The Fab Four, Live at St. George Theatre, Staten Island, NY (May 21 2011)

(Guest Review by Madeline Bocaro)Having always been cynical about Beatles cover bands, I was initiated with a free ticket to see the amazing Fab Faux at their 10th anniversary concert at Radio City in 2008, and was blown away. Once again a ticket came my way, this time for The Fab Four.

Comparing the Four to the Faux is like comparing apples to apple pie, but the 4-piece Fab Four had one thing that the Faux in their orchestral numbers lacked…Ed Sullivan! Old Ed introduced the band, looking exactly as he did on February 9, 1964. His corny jokes, exaggerated hunch and wave were classic! Ed read aloud the telegram from Elvis and The Colonel to ‘the boys’ and exclaimed, ‘they are all fine youngsters’.
I was disappointed when the Fabs emerged in Sgt. Pepper garb, lamenting that Ed’s cameos would be no more. However, to my delight, Ed continued to appear throughout the show, at utterly inappropriate times, joking and revving up the crowd! I loved his Richard Nixon impression! The Fabs’ costume changes - Nehru suits to Pepper uniforms, to Abbey Road album cover attire were timeless (John’s white suit recently sold at auction for $46,000 in January, 2011) - but gray-suited Ed was a surreal and hilarious apparition. He reminded me of the Ramones’ Pinhead mascot!
I now realize that a Beatles cover band – especially a touring one, cannot be too bad. The fans obsessively scrutinize every subtle nuance, so these bands must be technically and historically correct. The Fab Four were loyal to the original sounds. In one more comparison to the Faux, the Four used synthesizers to achieve orchestral sounds, whereas The Faux employ a real orchestra and exact instruments. However, the Four were all the more impressive due to their limitations.
The ‘Penny Lane’ piccolo trumpet solo (R.I.P. David Mason, who passed away last month at age 85) was very good, as was the orchestral ascending scale rave-up on ‘A Day In The Life’. They adequately achieved John’s distorted varispeed vocals and loopy sounds on ‘Strawberry Fields Forever’.
The background archival films of screaming fans and vintage Liverpool footage upped the nostalgia. The guys took it further, mimicking the Beatles’ cheeky banter. It was amusing at first, but Paul’s corny, relentless lines (‘Clap those hands!’) and lame jokes became extremely annoying. Of course, the guy was just doing his job. He can’t help it if Paul is corny and annoying (Obviously NOT my favourite Beatle!)
‘George’ (who really hailed from Liverpool) was a bit too friendly, but his Gretch sounded glorious. ‘Ringo’ was great, but obviously not as effortless and cool as the original with his perfect hits and symphonic fills. 

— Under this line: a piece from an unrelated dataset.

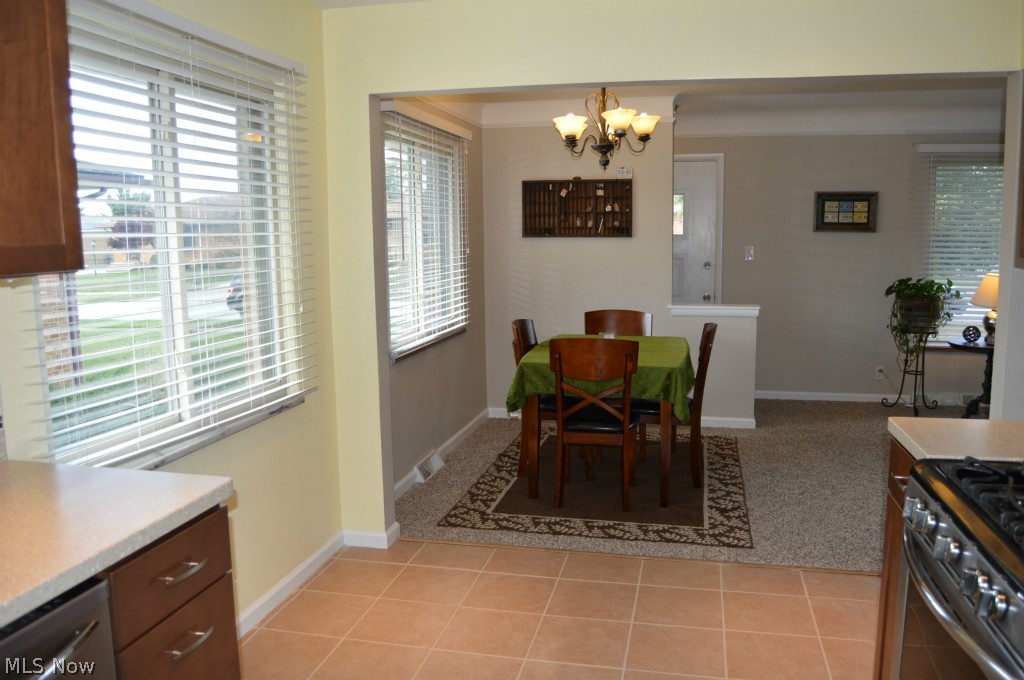 1175 Sagamore Road Cleveland, OH 44134 - Photo 12 of 22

‘John’ was incredible. His voice, mannerisms and multi-tasking on several instruments simultaneously were remarkable. A beautiful spoken tribute and chilling version of ‘Imagine’ was a nice touch.

The creepy old ornate St. George Theatre resembled a place that the Beatles would have actually played, so that was quite eerie. The show was a much better alternative than the end of the world, which was scheduled for that very evening. So there’s a nice compliment for the Fab Four!